I'm facing a problem in reading random rows from a large csv file and moving it to another CSV file using 0.18.1 pandas and 2.7.10 Python on Windows.
I want to load only the randomly selected rows into the memory and move them to another CSV. I don't want to load the entire content of first CSV into memory.
This is the code I used:
import random
file_size = 100
f = open("customers.csv",'r')
o = open("train_select.csv", 'w')
for i in range(0, 50):
offset = random.randrange(file_size)
f.seek(offset)
f.readline()
random_line = f.readline()
o.write(random_line)
The current output looks something like this:
2;flhxu-name;tum-firstname; 17520;buo-city;1966/04/24;wfyz-street; 96;GA;GEORGIA
1;jwcdf-name;fsj-firstname; 13520;oem-city;1954/02/07;amrb-street; 145;AK;ALASKA
1;jwcdf-name;fsj-firstname; 13520;oem-city;1954/02/07;amrb-street; 145;AK;ALASKA
My problems are 2 fold:
I want to see the header also in the second csv and not just the rows.

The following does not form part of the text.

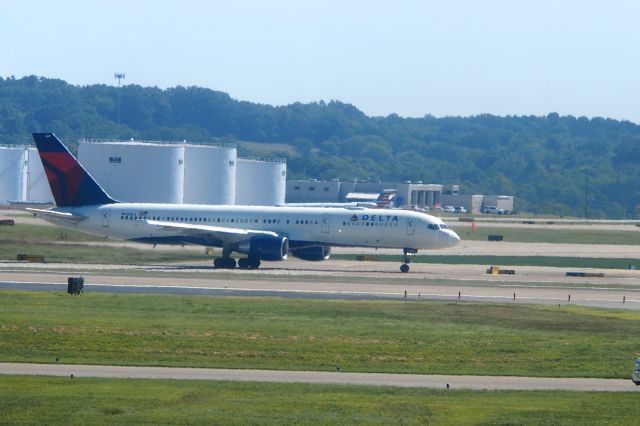 Boeing 757-200 (N681DA)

A row should be selected by random function only once.
The output should be something like this:
id;name;firstname;zip;city;birthdate;street;housenr;stateCode;state
2;flhxu-name;tum-firstname; 17520;buo-city;1966/04/24;wfyz-street; 96;GA;GEORGIA
1;jwcdf-name;fsj-firstname; 13520;oem-city;1954/02/07;amrb-street; 145;AK;ALASKA
You have do simpler than that:
first, read the customers file fully, title is a special case, keep it out.
shuffle the list of lines (that's what you were looking for)
write back title + shuffled lines
code:
import random
with open("customers.csv",'r') as f:
title = f.readline()
lines = f.readlines()
random.shuffle(lines)
with open("train_select.csv", 'w') as f:
f.write(title)
f.writelines(lines)
EDIT: if you don't want to hold the whole file in memory, here's an alternative. The only drawback is that you have to read the file once (but not store in memory) to compute line offsets:
import random
input_file = "customers.csv"
line_offsets = list()
# just read the title
with open(input_file,'r') as f:
title = f.readline()
# store offset of the first
while True:
# store offset of the next line start
line_offsets.append(f.tell())
line = f.readline()
if line=="":
break
# now shuffle the offsets
random.shuffle(line_offsets)
# and write the output file
with open("train_select.csv", 'w') as fw:
fw.write(title)
for offset in line_offsets:
# seek to a line start
f.seek(offset)
fw.write(f.readline())
At OP request, and since my 2 previous implementations had to read the input file, here's a more complex implementation where the file is not read in advance.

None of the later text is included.